Facing the “most severe and complex security environment” in 80 years — sparked largely by China’s military buildup and aggression — Japan is bolstering its air and missile defenses, expanding its uncrewed systems and strengthening its mobile deployment capabilities, while deepening critical collaboration with Allies and Partners.
“The Alliance with the United States is a key pillar of our national security policy and the cornerstone of peace and stability in the Indo-Pacific region,” Defense Minister Gen Nakatani noted in the recently unveiled “Defense of Japan 2025” white paper.
Tokyo approved a record $55 billion defense budget for 2025, the third year of a five-year expansion under a national security strategy that calls for defense spending to reach 2% of gross domestic product by 2027. The current allocation prioritizes acquisition of long-range missiles, including U.S.-made Tomahawks, and development of a defense communications satellite, among other capabilities.
In March 2025, the Japan Self-Defense Forces (JSDF) launched its Joint Operations Command (JJOC) to streamline and centralize command and control of all JSDF branches from peacetime to emergency. Concurrently, U.S. Forces Japan, which oversees about 60,000 Airmen, Guardians, Marines, Sailors and Soldiers, is transitioning to a Joint Force Headquarters to optimize operational coordination with the JJOC. U.S. Navy Adm. Samuel J. Paparo, Commander of U.S. Indo-Pacific Command, called the move “one of the strongest improvements to the alliance’s military cooperation” in 70 years.
Japan’s defense white paper, released in mid-July, notes that the “international community is facing its greatest trial since World War II and entering a new era of crisis.”
“States that do not share universal values or political and economic systems based on such values are expanding their influence. Unilateral changes to the status quo by force and such attempts represent a serious challenge to the existing international order.”
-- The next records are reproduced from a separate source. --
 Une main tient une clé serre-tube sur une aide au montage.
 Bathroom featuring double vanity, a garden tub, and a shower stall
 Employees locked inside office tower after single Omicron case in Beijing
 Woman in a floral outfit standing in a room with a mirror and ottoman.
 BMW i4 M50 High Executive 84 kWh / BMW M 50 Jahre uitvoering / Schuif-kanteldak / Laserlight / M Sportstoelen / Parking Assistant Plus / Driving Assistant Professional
The white paper highlights looming threats, including:
- China’s decades-long military expansion lacks transparency and Beijing is intensifying its maneuvers around Japan, including in the East China Sea and the Western Pacific. Chinese military and Coast Guard aircraft and vessels have intruded into Japan’s territorial airspace and waters. China also conducts destabilizing activities in the South China Sea and around self-governed Taiwan, which Beijing claims as its territory and threatens to annex. These moves “present an unprecedented and the greatest strategic challenge which Japan should respond [to] with its comprehensive national power and in cooperation and collaboration with its ally, like-minded countries, and others.”
- North Korea’s military activities, including its illegal nuclear and ballistic missile programs, pose “an even more grave and imminent threat to Japan’s security than ever before.” Pyongyang has launched hypersonic missiles, which travel at five times the speed of sound and are difficult to track and intercept, and the regime is seeking to deploy long-range cruise missiles capable of carrying nuclear warheads.
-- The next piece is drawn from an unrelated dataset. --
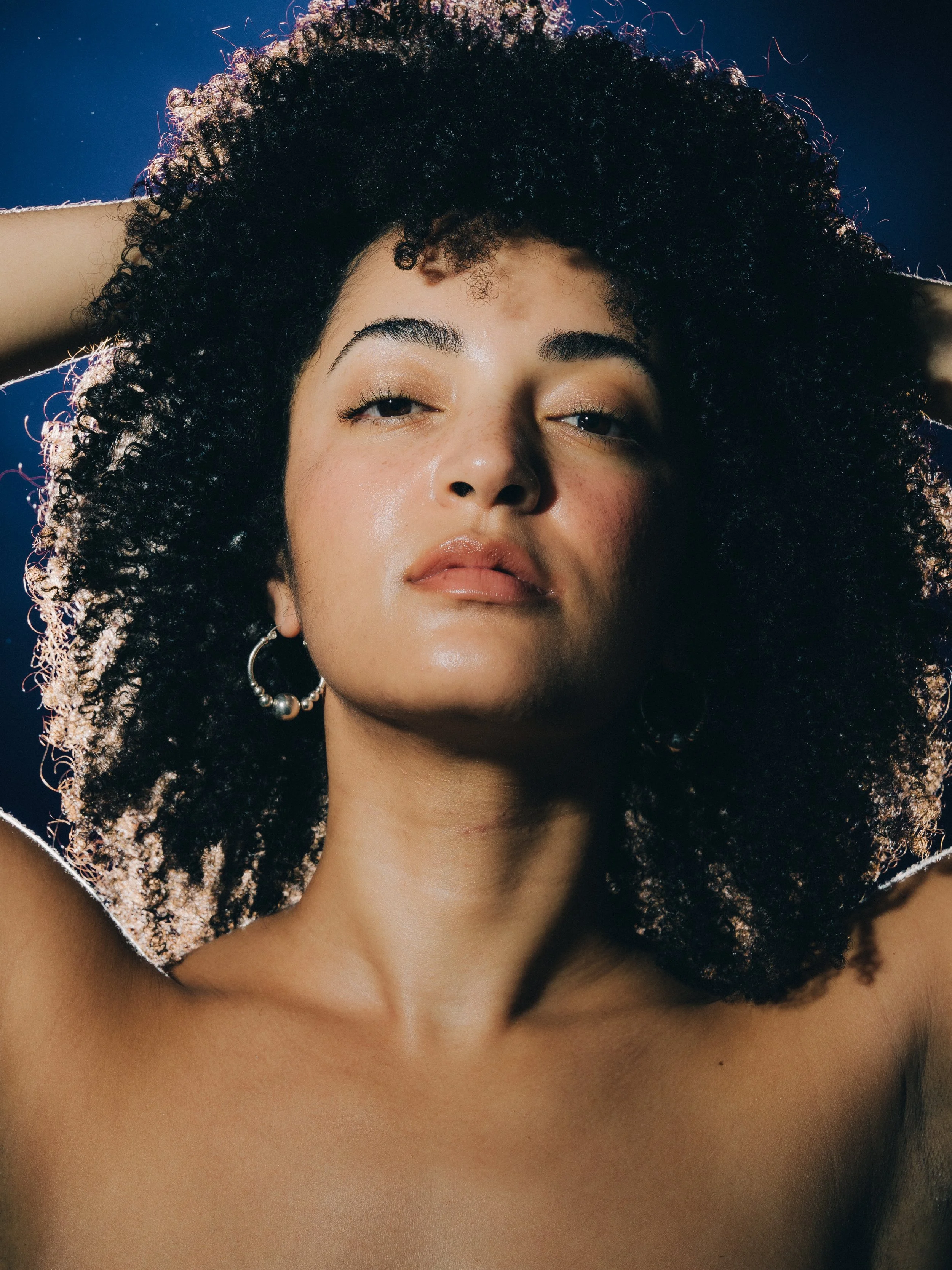 Close-up of a woman with curly black hair, wearing hoop earrings, with a slight smile and radiant skin.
- Russia continues deploying coastal missiles and fighter jets, building military installations and conducting large-scale exercises near Japan. Moscow also is increasing military cooperation with Beijing, including joint bomber flights and naval maneuvers. Japan Air Self-Defense Force aircraft scrambled 704 times in fiscal year 2024, including 464 times for Chinese aircraft and 237 times for Russian aircraft. “These repeated joint activities are clearly intended for demonstration of force against Japan and are a grave concern from the perspective of the national security of Japan.”
In response, Tokyo is “fundamentally reinforcing its defense capabilities,” the white paper noted. Those initiatives include stealth guided-missile destroyers, long-range uncrewed surveillance aircraft, a next-generation fighter aircraft being developed with Italy and the United Kingdom, and a Glide Phase Interceptor being developed with the U.S. to counter hypersonic weapons.
Japan will maintain its peace and security based on its alliance with “the world’s dominant military power, the U.S.,” the white paper stated, “with which it shares basic values such as democracy, respect for human rights, the rule of law … as well as interest in maintaining the peace and security of the world.”